Aynı şey, bal olsa, kaymak olsa, ilim olsa, hikmet olsa; tekrarı daimi sıkar, yorar, bıktırır, değişik, esprili, şakalı olmalıdır.

Her şeyden haberi olan Allah’ tan başka kim haber verebilir. Kimsenin göremediği iç yüzünden ancak Allah haber verir. İsim farklı ise, her biri farklıdır. Yüzünü görüyorum, içinden ne haber? Toprağı görürüz; çiçekler, ağaçlar, meyvelerin içinden haberdir. İnsanın başı görünür, akıl ise görünmeyendir.

Eserlerim, aczimin ifadesidir. Allah’ı idrak etmekten idrak acizdir. ‘’Süphanel Rabbiyel Ala’’ ; en aşağıda, en yüksek secdede ‘Rabbiyel Ala’. En yüce olan Allah adına hareket et.

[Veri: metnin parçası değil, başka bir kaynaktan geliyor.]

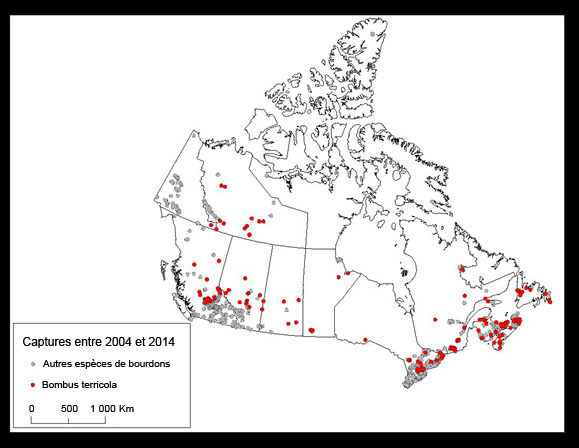 Carte montrant les sites de capture entre 2004 et 2013.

Hoş geldin diyerek, tanışıp beraber olmayı severim. Veda etmeyi ayrılmayı, sevmem. Habirlerimizin, zevklerimizin bir olmasını severim. Güzeli güzel görmeyi, çalışmayı, bilhassa müziği severim. Hakk’ a aşığım.

Kaba kuvvet kullanmak, aczin ifadesidir.

Neyi kabul ediyorsan, neye inanıyorsan öyle yaşıyorsun. Sana bu zaman, bu ömür bir süre olarak verilmiştir. Zamanı ve mekanı yaratan Allah, mekana, zamana sığmaz ama nereye baksan, onun cemali orada görünür. Allaha soyut bakamadığı için onu  somutta görmeğe çalışıyor, çabalıyor.

Bir şeyin hakkını vermezsen, hak etmezsin. Varlık, Allah’a vakfedilmiştir. Esas; kendini, Allah’ a adamaktır. Aslında her şey, Allah’ a adanmıştır. Varis O’ dur. Varlık ala, sistem üzeredir.  Her şey, Allah’a amadedir. Rabbiyel Ala, yaradılışın amacı. Yüce, ala olan, Allah’ı teşbih etmektir. Gönülden çıkartmamak da terennüm etmektir. Allah’ ın Vahi esması ile maddiyat sergilendi.